Reverse Scaling and Feature Engineering: If standardization, normalization, or mathematical transforms are applied, interpretability can be increased if these transforms are reversed before analyzing the features. For example, reporting the feature weight on age is more helpful than reporting the weight of sqrt(age).
Link to Raw Data: This transform extends reversing scaling and feature engineering. If possible, explicitly display how the engineered feature is calculated from raw data.

While this is not an exhaustive list of all the possible transforms, this does provide a great starting point for data scientists out there on some simple steps they can take to ensure that they have an interpretable feature space.

Figure 1: Summary of the feature taxonomy proposed by Zytek et al. [1] (Figure from Paper)

Reading this paper I did have some critiques.
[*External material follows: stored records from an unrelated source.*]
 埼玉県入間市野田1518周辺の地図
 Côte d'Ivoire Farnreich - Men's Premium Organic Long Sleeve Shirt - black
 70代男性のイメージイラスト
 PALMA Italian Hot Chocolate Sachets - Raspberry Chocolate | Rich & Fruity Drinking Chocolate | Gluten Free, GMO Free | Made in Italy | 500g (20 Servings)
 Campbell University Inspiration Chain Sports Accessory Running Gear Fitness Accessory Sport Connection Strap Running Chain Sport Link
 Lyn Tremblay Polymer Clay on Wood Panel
For one, while the authors developed various stakeholders, they never provided any examples of when impacted users would be different than decision-makers. While we can make some educated guesses (ex. students could be impacted users in the education case, and patients could be impacted users in the healthcare case), there is not a presented reason for how interpretable features help this group.

The authors themselves also presented some risks of interpretable features as well. In their example, a developer could maliciously include the race feature into the abstract concept of socioeconomic factors, effectively hiding that race was used as a predictor in their model. Additionally, the authors concede that many of the interpretability transformations proposed may reduce model performance. Some interpretable feature properties (like readability) are also not appropriate when data privacy is important.
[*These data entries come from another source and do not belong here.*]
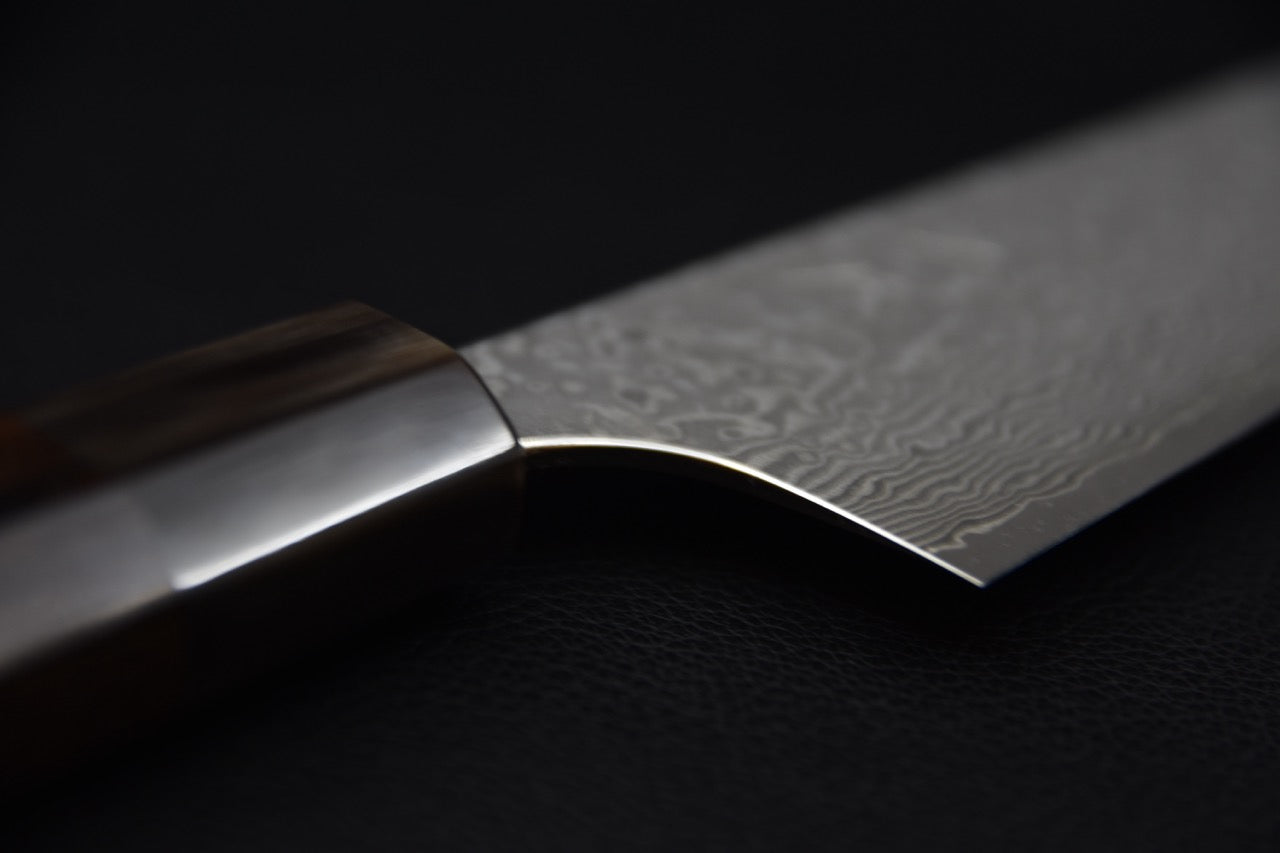 Bunka SPG Strix Takefu Steel — vue de la surface de lame
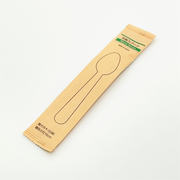 木製スプ－ン160 紙完封袋(茶色）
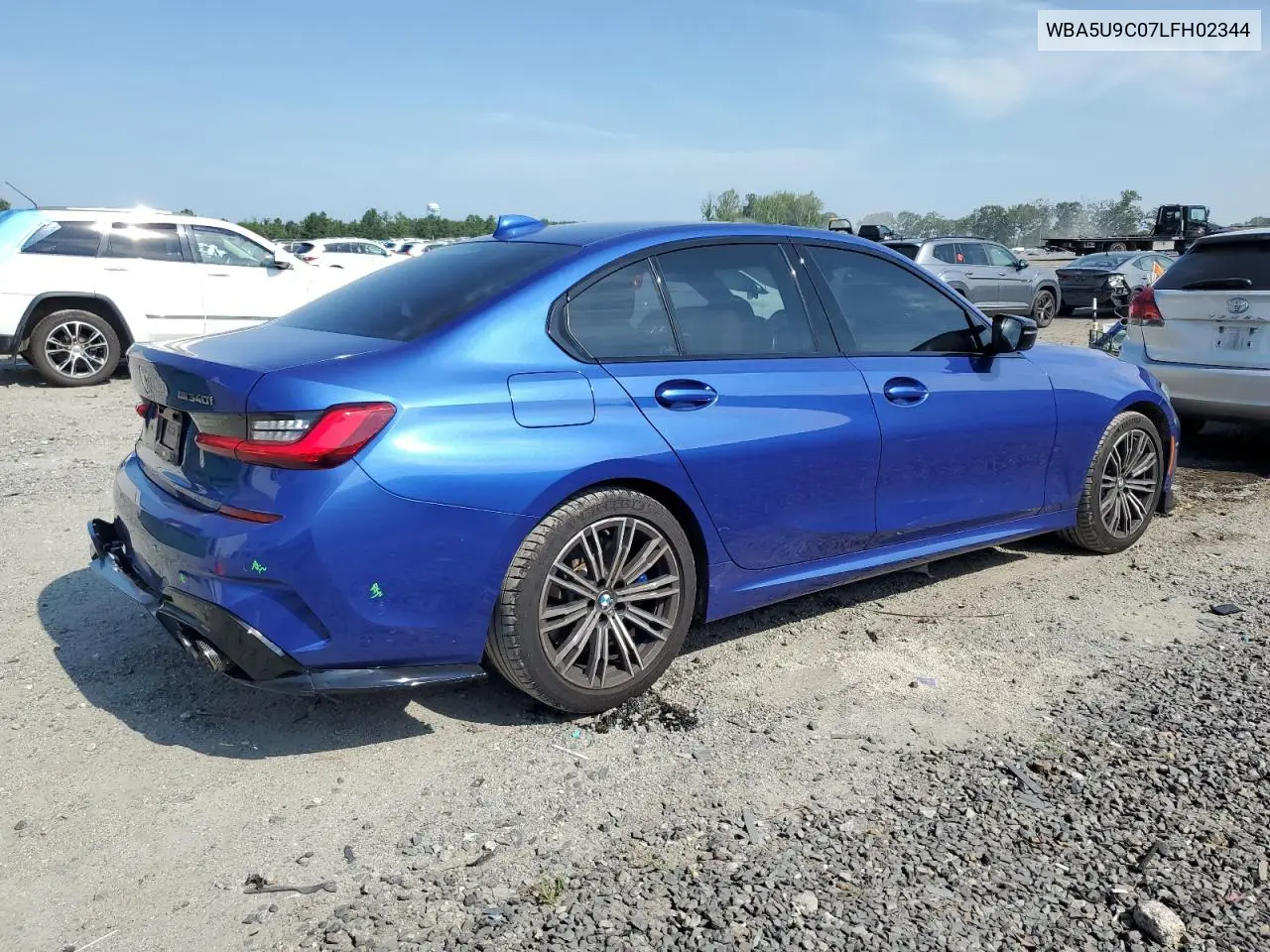 2020 BMW M340Xi VIN: WBA5U9C07LFH02344 Lot: 62498155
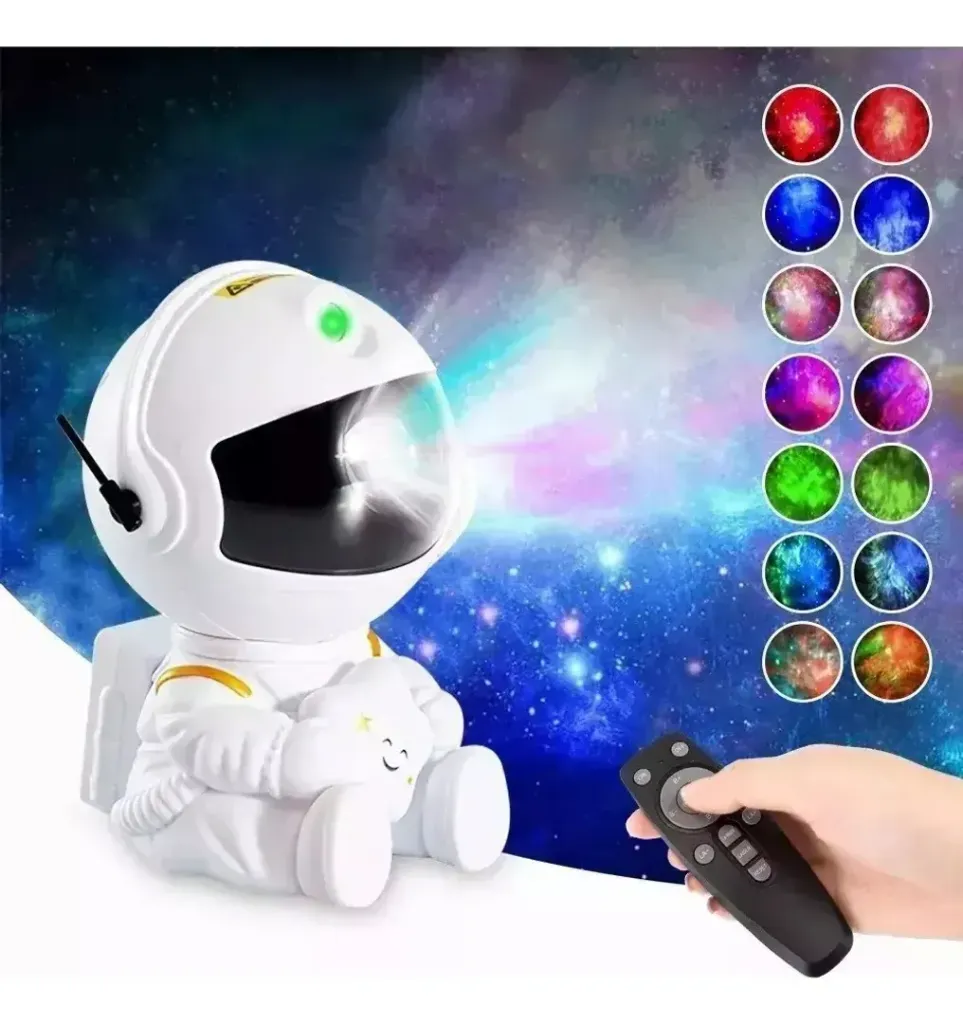 [BOD-TEC-129] LAMPARA PROYECTOR ASTRONAUTA DE GALAXIA NEBULOSA CON CONTROL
Despite these criticisms, it is undeniable that Zytek et al.[1] provided a lot of information about what makes features interpretable, how to achieve interpretability, and why it is important in the first place. Additionally, the proposed transforms are relatively simple to implement, making them much more friendly to beginner data scientists. Their taxonomy is summarized in Figure 1 above and is probably an image most data scientists need to keep handy on their desks.

[1] A. Zytek, I. Arnaldo, D. Liu, L. Berti-Equille, K. Veeramachaneni. The Need for Interpretable Features: Motivation and Taxonomy (2022). SIGKDD Explorations.

[2] C. Molnar. Interpretable Machine Learning (2020). LeanPub

[3] A. Preece, D. Harborne, D. Braines, R. Tomsett, S. Chakraborty. Stakeholders in Explainable AI (2018). Artificial Intelligence in Government and Public Sector page 6.

[3] S. Lundberg, S.I. Lee. A Unified Approach to Interpreting Model Predictions (2017). Advances in Neural Information Processing volume 31 page 10.